§ Exercise
For this exercise, restate word for word only the lines from the one containing "Christian Dior Lady" through the last line below. Pictures do not get copied.

§ Information supplied
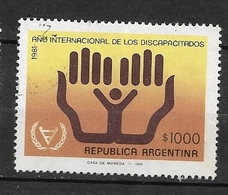 ARGENTINA              1981 International Year Of Disabled People  Ø - Oblitérés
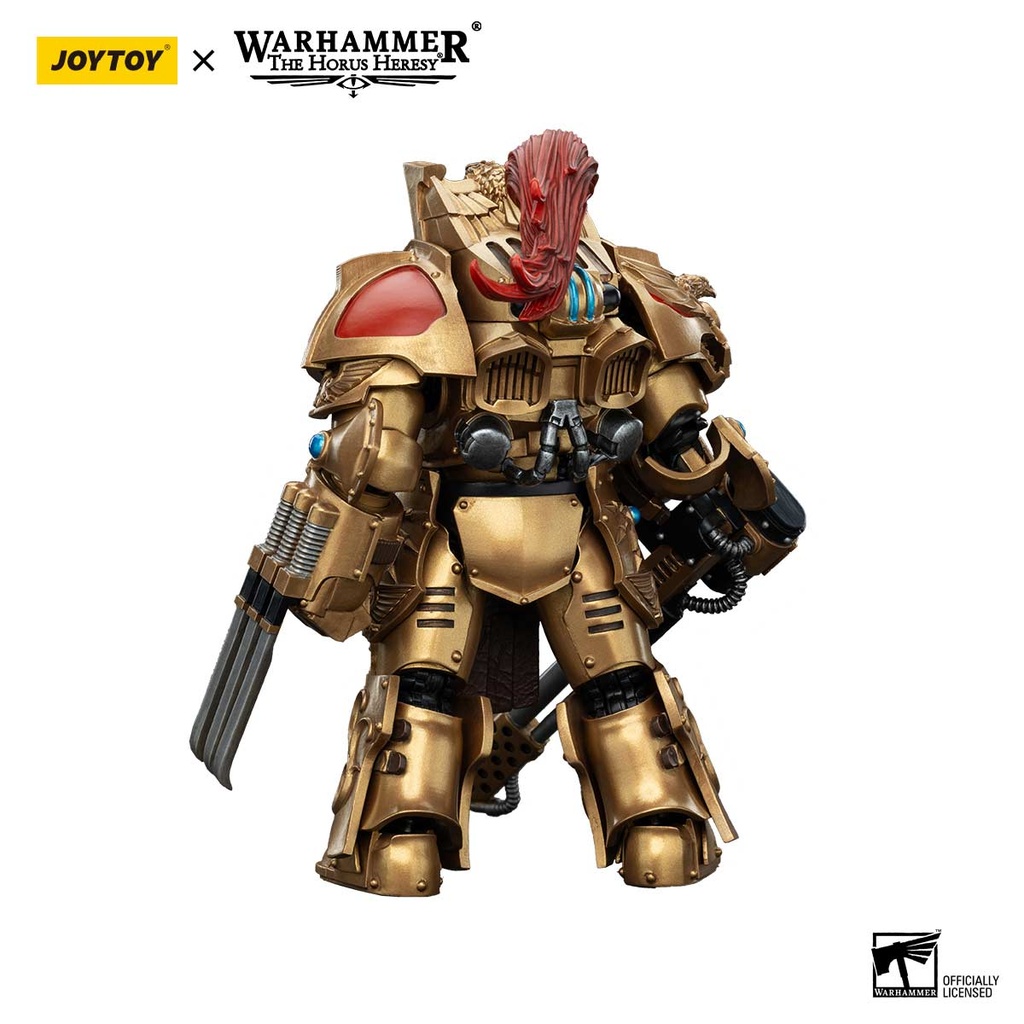 (PO) Joytoy Warhammer 40k - Legio Custodes Aquilon Terminator Squad Aquilon with Infernus Firepike Image_2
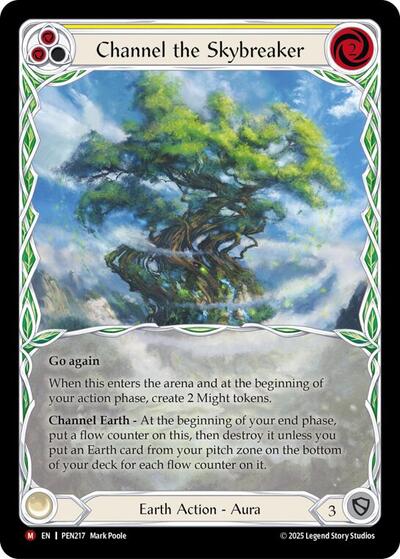 Channel The Skybreaker (Yellow) (Extended Art) (Compendium of Rathe) Near Mint Cold Foil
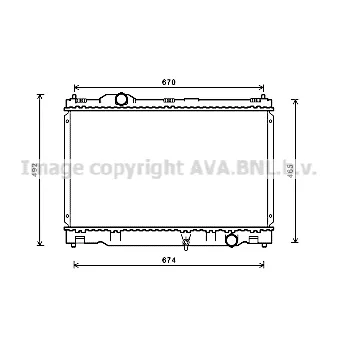 PRASCO TO2669 - Radiateur, refroidissement du moteur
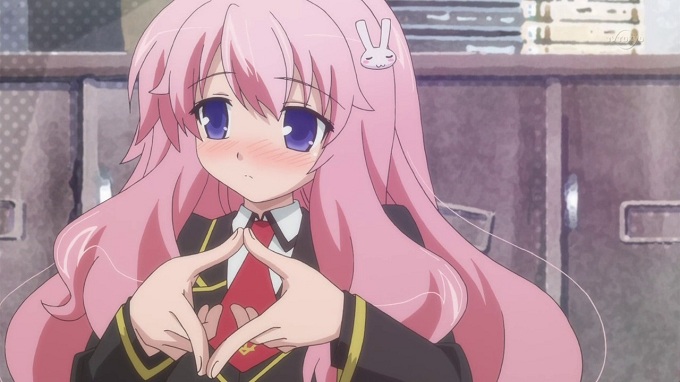 Baka and Test Summon the Beasts Cosplay Himeji Mizuki Red Straight Wig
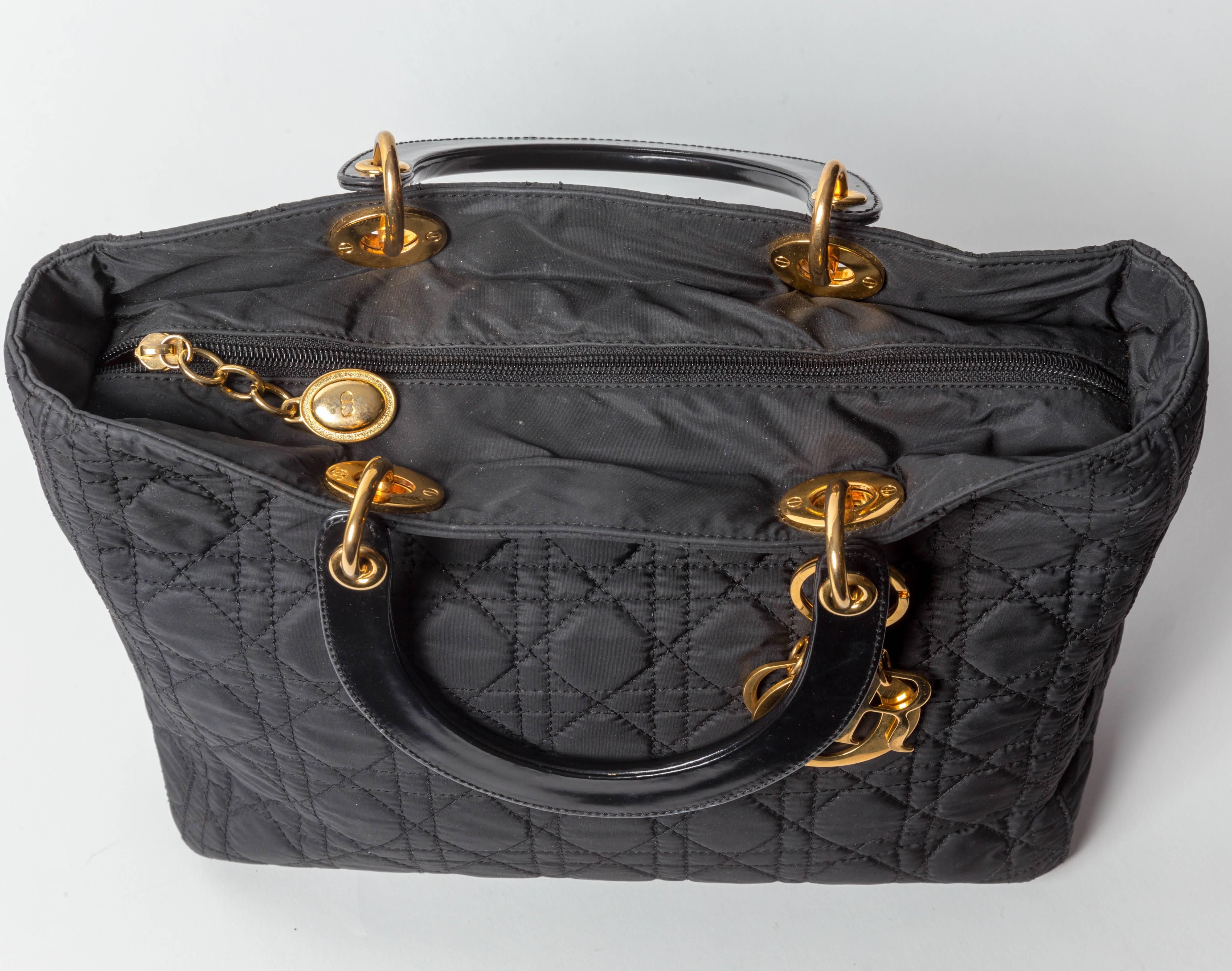Christian Dior Lady Bag in Nylon  In Good Condition In Westhampton Beach, NY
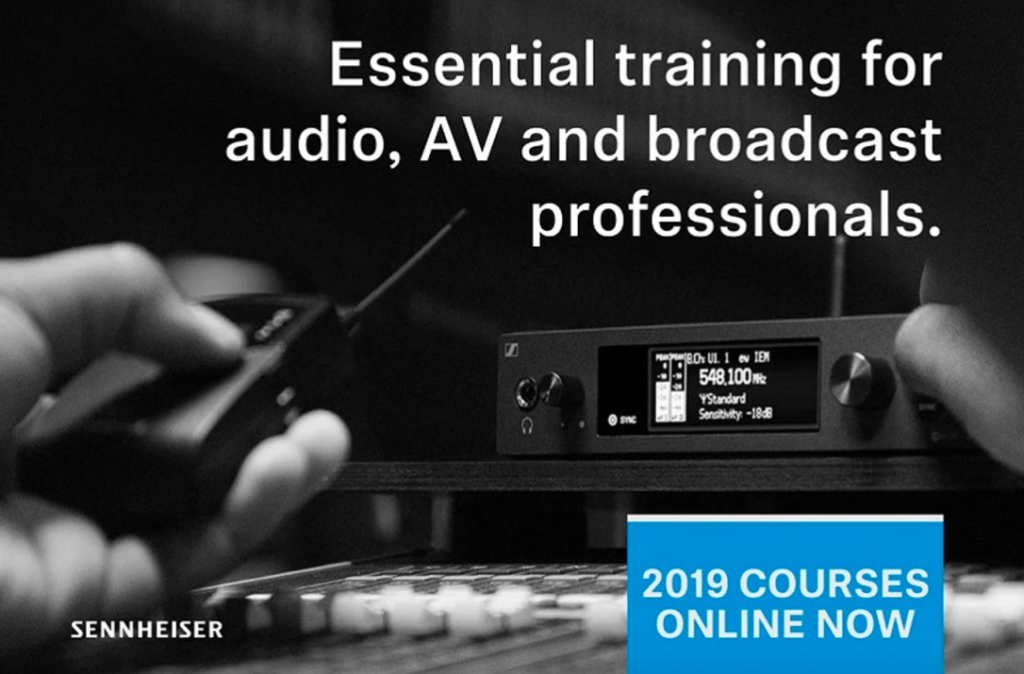 Sennheiser Sound Academy 2019 – Training Courses Now Available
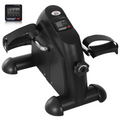 Mini Exercise Bike Portable Pedal Manual Machine Indoor Fitness Black HOMCOM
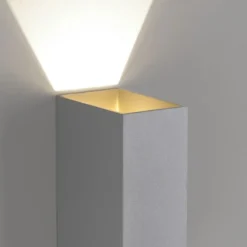 LED Wandleuchte grau IP54 spritzwasserschutz Außenwandleuchte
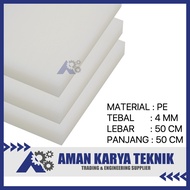 Nylon/Polyethylene Sheet (PE Sheet) 4 mm x 50 cm x 50 cm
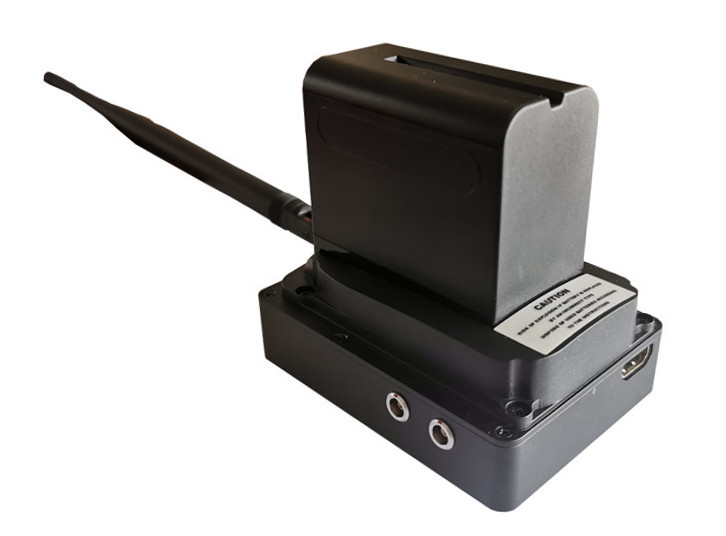 COFDM UAV Video Transmitter with Battery 20km LOS from air to ground Lightweight
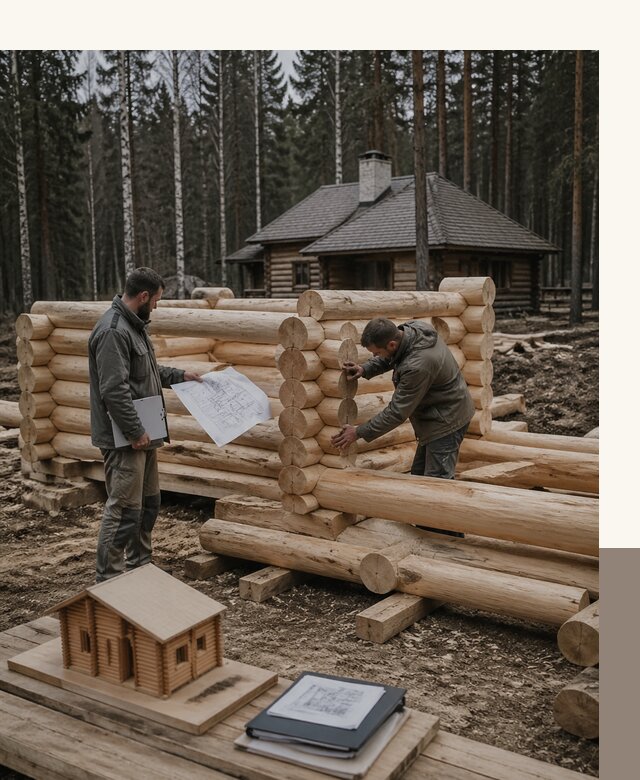 Проектирование и строительство домов из бревна в Спасске-Дальнем
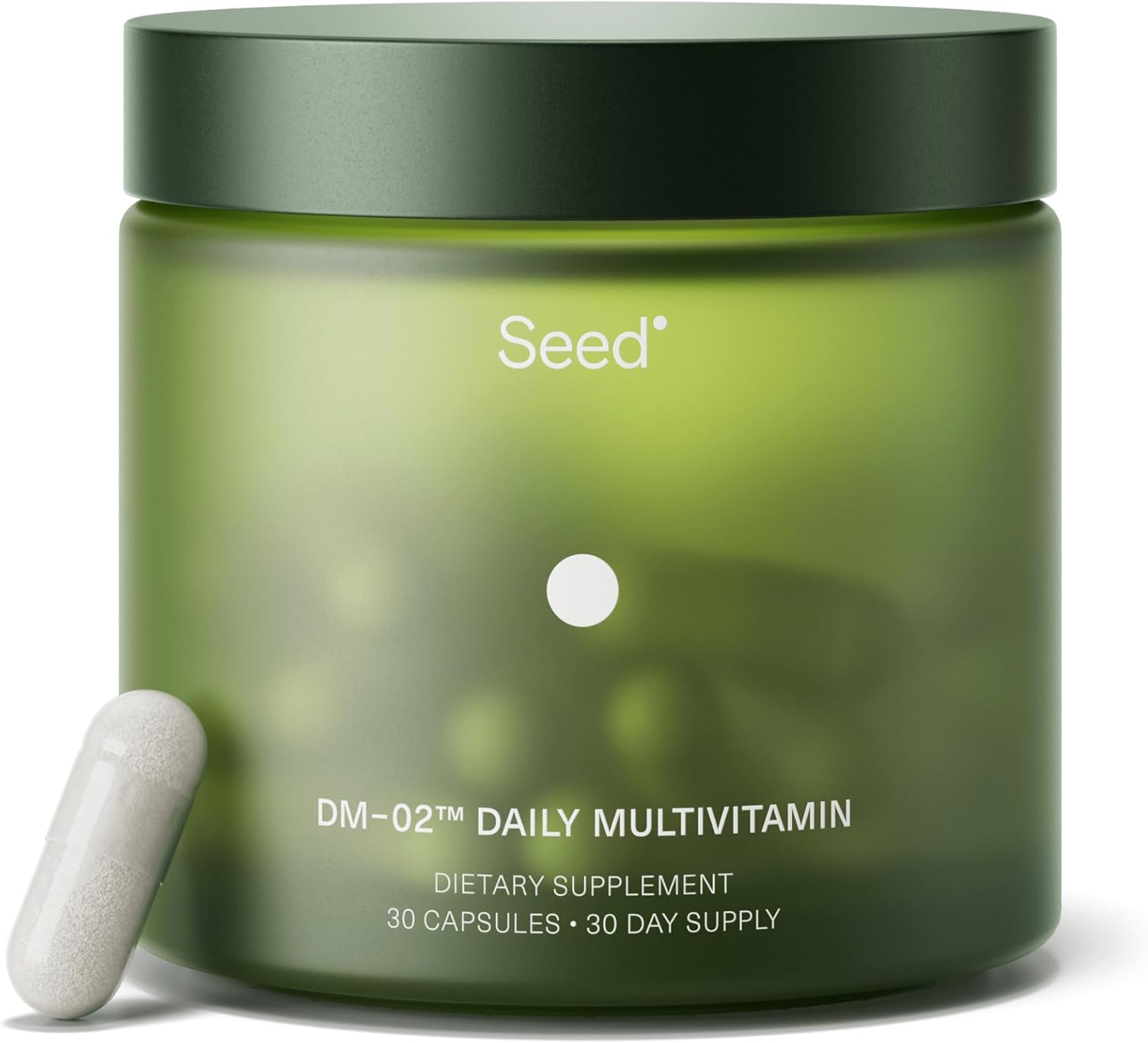 Seed DM-02 Daily Multivitamin – for Women & Men – 30-Day Supply with Jar | 100% DV Nutrition – 20 Essential Vitamins & Minerals – Immune, Bone, Hair, Skin & Nail Health – Vegan Capsules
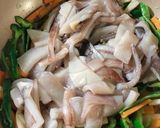 スルメイカの野菜炒め作り方4写真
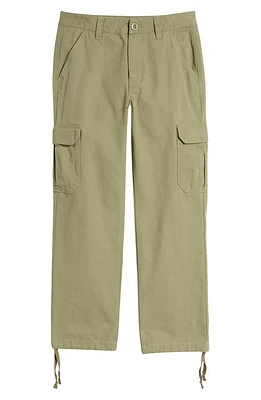 Brixton Waypoint Cotton Twill Cargo Pants in Olive Surplus at Nordstrom, Size 34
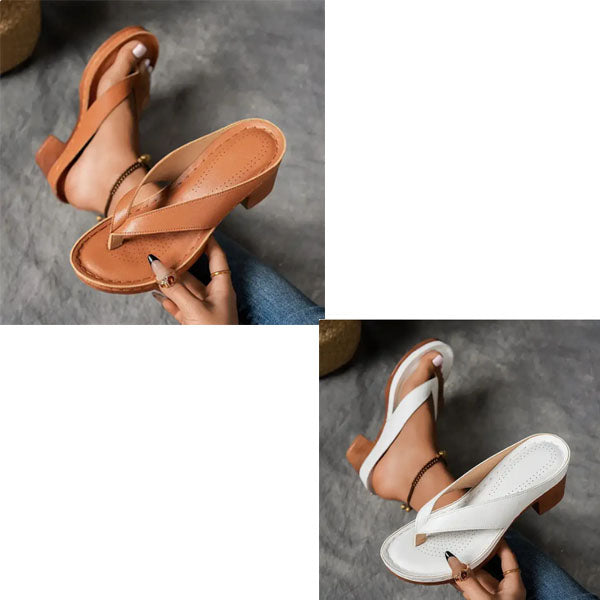 50% OFF | SoleComfort | 🌺2025 new Orthopaedic sandals with thick heel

§ Exercise output
Christian Dior Lady Bag in Nylon  In Good Condition In Westhampton Beach, NY
 Sennheiser Sound Academy 2019 – Training Courses Now Available
 Mini Exercise Bike Portable Pedal Manual Machine Indoor Fitness Black HOMCOM
 LED Wandleuchte grau IP54 spritzwasserschutz Außenwandleuchte
 Nylon/Polyethylene Sheet (PE Sheet) 4 mm x 50 cm x 50 cm
 COFDM UAV Video Transmitter with Battery 20km LOS from air to ground Lightweight
 Проектирование и строительство домов из бревна в Спасске-Дальнем
 Seed DM-02 Daily Multivitamin – for Women & Men – 30-Day Supply with Jar | 100% DV Nutrition – 20 Essential Vitamins & Minerals – Immune, Bone, Hair, Skin & Nail Health – Vegan Capsules
 スルメイカの野菜炒め作り方4写真
 Brixton Waypoint Cotton Twill Cargo Pants in Olive Surplus at Nordstrom, Size 34
 50% OFF | SoleComfort | 🌺2025 new Orthopaedic sandals with thick heel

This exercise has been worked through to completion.